I eased myself into the chair across from her. "What's wrong
with it?"
"She tells me to eat the food. But when she gives it to me,
it's no good." She raised her palms upward in helplessness.
"It's just no good."
I looked at the plate. The potato salad and stuffed peppers
were completely untouched, with only a tiny fork mark on the
edge of the fish.
"The years take everything until there is nothing left to
want, to desire," Ziona had told me last week on the phone,
with her folks-wisdom. "It is not possible for her to want."
"Mama," I said, laying the flowers on the table. "Look, what
I've brought you." She stared at it a minute before she
smiled. But the tears seemed to have a life of their own.
"And this, you will not be able to resist." I fumbled in my
purse for the plastic bag. "It's your favorite. Raisin
challa."
The smile faded. I slid the golden braided challa out of the
bag, pulled off a piece and buttered it. "Here you go."
She shook her head slowly.
"What do you mean? Mama, this is your favorite. How can you
resist?"
"I don't want it."
"But Mama, why not?" I was desperate now.
"Because," she said in a little voice, "it doesn't taste like
mine."
*
The bright yellow kitchen in their little apartment fit well
in my parents' color splashed apartment. I loved this place.

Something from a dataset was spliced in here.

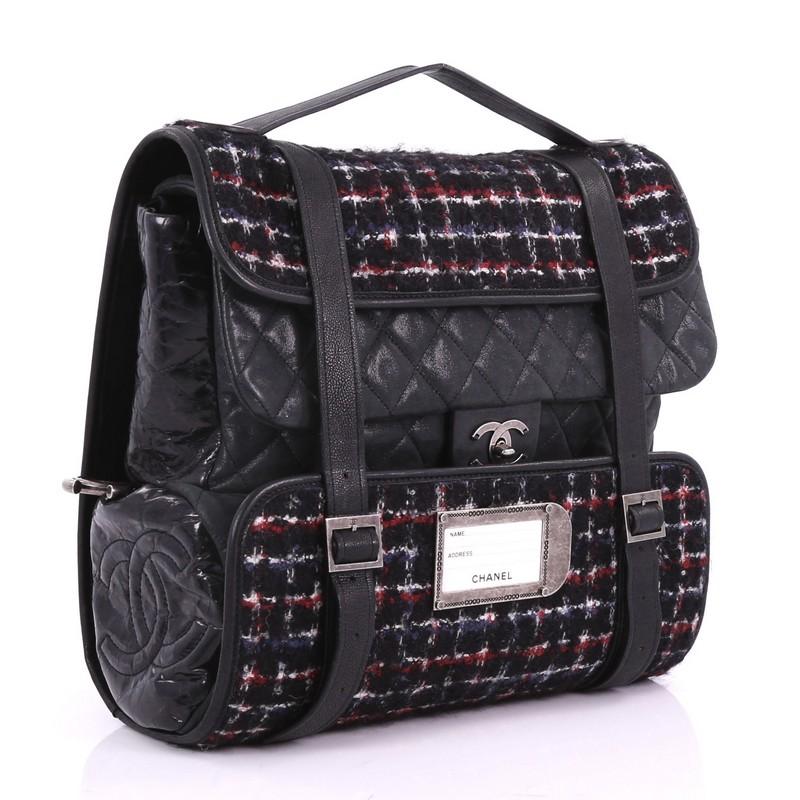 Black Chanel Roll Backpack Tweed with Quilted Calfskin Medium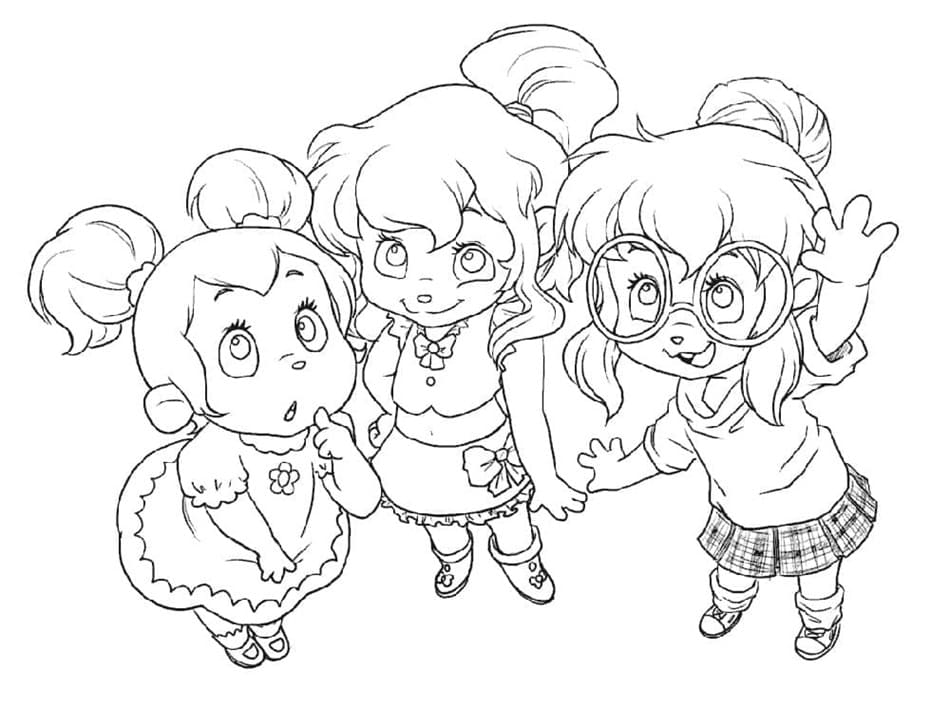 Printable Chipettes in Alvin and the Chipmunks Coloring Page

It was where I came for vacations when I was raising my young
family. Every one of the pictures that decorated their sun-
lit walls was either painted, embroidered or photographed by
a family member. My babies had sat beneath them in the living
room as their Bubbie danced around the spoon making sure they
finished every bit of her special treats. Though I had
actually been born and raised in the U.S., the little flat in
Netanya was the one that felt like home.
It was in her yellow kitchen that I would perch on the stool
across from the kitchen table and watch Mama making her
challa. It was one of those few spaces of time where we
actually managed to talk. The rhythm of her pounding and
rolling the dough in the creased wooden bowl, interspaced her
questions about money problems, the baby's runny nose,
adjustments to school. Every so often, she would stop and the
conversation halted. She would pick up one of the little
metal canisters, measure whatever the special ingredient
happened to be that week into her palm, and rain it over the
dough with the flourish of a magician.
"Why don't you take a break one week and buy your challas at
the bakery?" I asked her one Thursday afternoon, after she
had been pounding and turning for a full twenty minutes.

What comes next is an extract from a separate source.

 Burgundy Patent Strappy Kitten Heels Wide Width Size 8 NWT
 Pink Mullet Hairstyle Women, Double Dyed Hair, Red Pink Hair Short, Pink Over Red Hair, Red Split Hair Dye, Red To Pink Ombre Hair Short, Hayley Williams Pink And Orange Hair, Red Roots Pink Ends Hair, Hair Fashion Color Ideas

"Your father doesn't like the way they make it in the store,"
she answered absently, sprinkling grated onion pieces into
the dough.
"You know Papa would eat whatever you gave him, Mama."
Mama sprinkled one last pinch, wiped her hands against each
other, and turned to look at me. Her eyes were a deep brown
behind her glasses, a warm brown. For me, it will always be
the color of love consolidated into practical form. The color
of directed love.
"Tell me," she said, "would you enjoy eating it as
much if I bought it, instead?"
*
The last time I saw `the Mama I knew' was the morning after
my sister's phone call. They had found a growth, and Mama was
in the hospital waiting for surgery. It had been a while
since I had been able to make the trip up to visit her. The
children that winter seemed to be taking turns getting sick.
I left for the hospital under the gray sky of early dawn.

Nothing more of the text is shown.